We first need to compute the derivatives of \(u\) and \(v\):

• \(u' = -2\)
• \(v' = 1\)

Applying the product rule gives us the derivative of our expression:

• \(f'(x) = 5((-2)(x+1) + (1-2x)(1))\)

Simplifying these terms helps in finding the desired critical points, making it easier to work with the function.

In calculus, the derivative represents the rate of change of a function with respect to a variable. A derivative provides the slope of the tangent line to the curve of a function at any given point. In our exercise, differentiating the function

• \(f(x) = 5(1-2x)(x+1) - 3\)

requires using the product rule, which was done in the previous step.
After applying the product rule and simplifying, we obtained the derivative:

• \(f'(x) = -20x - 5\)

This function represents the slope of the tangent at any point \(x\). Evaluating \(f'(0)\) gives us the slope at \(x=0\), which determines how steep or flat the tangent at that specific point is.

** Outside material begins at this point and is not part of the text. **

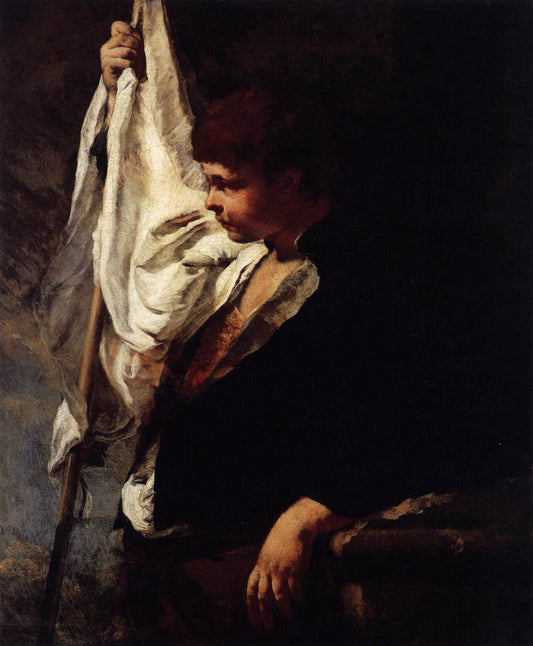 A Young Ensign, vintage artwork by Giovanni Battista Piazzetta, 12x8" (A4) Poster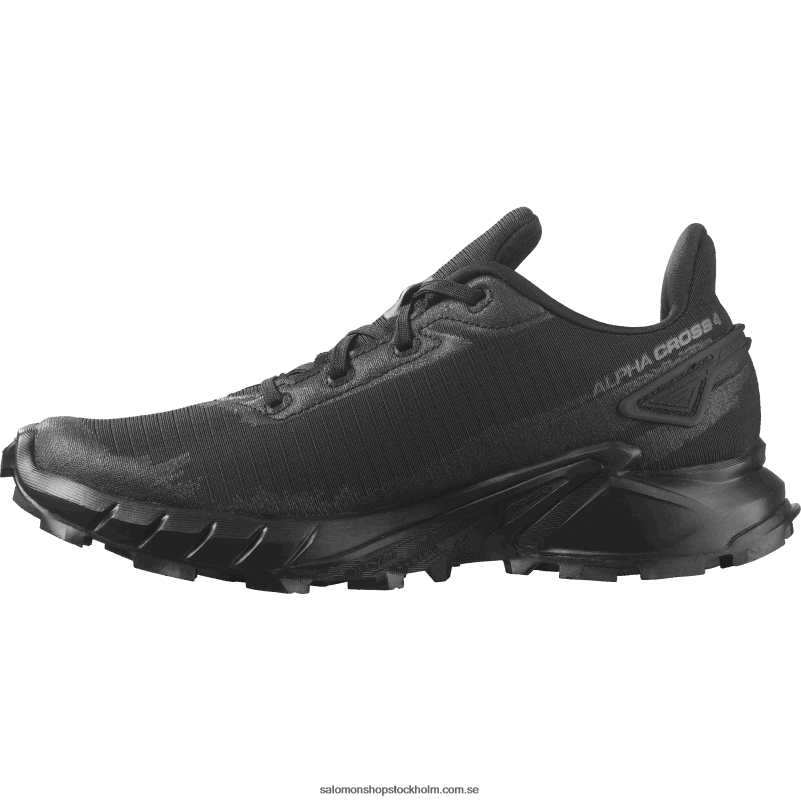 Salomon svart löparskor för kvinnor - alphacross 4 T82RP1540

The tangent line is a straight line that touches a curve at a single point without crossing it, providing an instantaneous rate of change at that point. In practical terms, it approximates the curve near the point of tangency.
To find the equation of the tangent line, we need its slope and a point it passes through. From our derivative:

• \(f'(0) = -5\)

This \(-5\) tells us the slope of the tangent line at the point where \(x=0\).
Next, we find the specific point by evaluating the function at \(x=0\), \(f(0) = 2\), giving the point \((0,2)\).

• The tangent line equation in the slope-intercept form is: \(y = -5x + 2\), using point-slope form for calculation.

The normal line is perpendicular to the tangent line at the point of tangency on a curve. The slope of the normal line is the negative reciprocal of the tangent line's slope.
Since we found the slope of the tangent line to be \(-5\), the slope \(m_{\text{normal}}\) of the normal line is:

• \(m_{\text{normal}} = \frac{1}{5}\)

The normal line also passes through the same point as the tangent line, which we found to be \((0, 2)\).
Using the point-slope formula, we derive the normal line equation:

• \(y - 2 = \frac{1}{5}(x - 0)\)
• Thus, in slope-intercept form, it becomes: \(y = \frac{1}{5}x + 2\)

With these calculations, we've successfully identified the normal line that maintains a 90-degree angle to the tangent at the point of interest.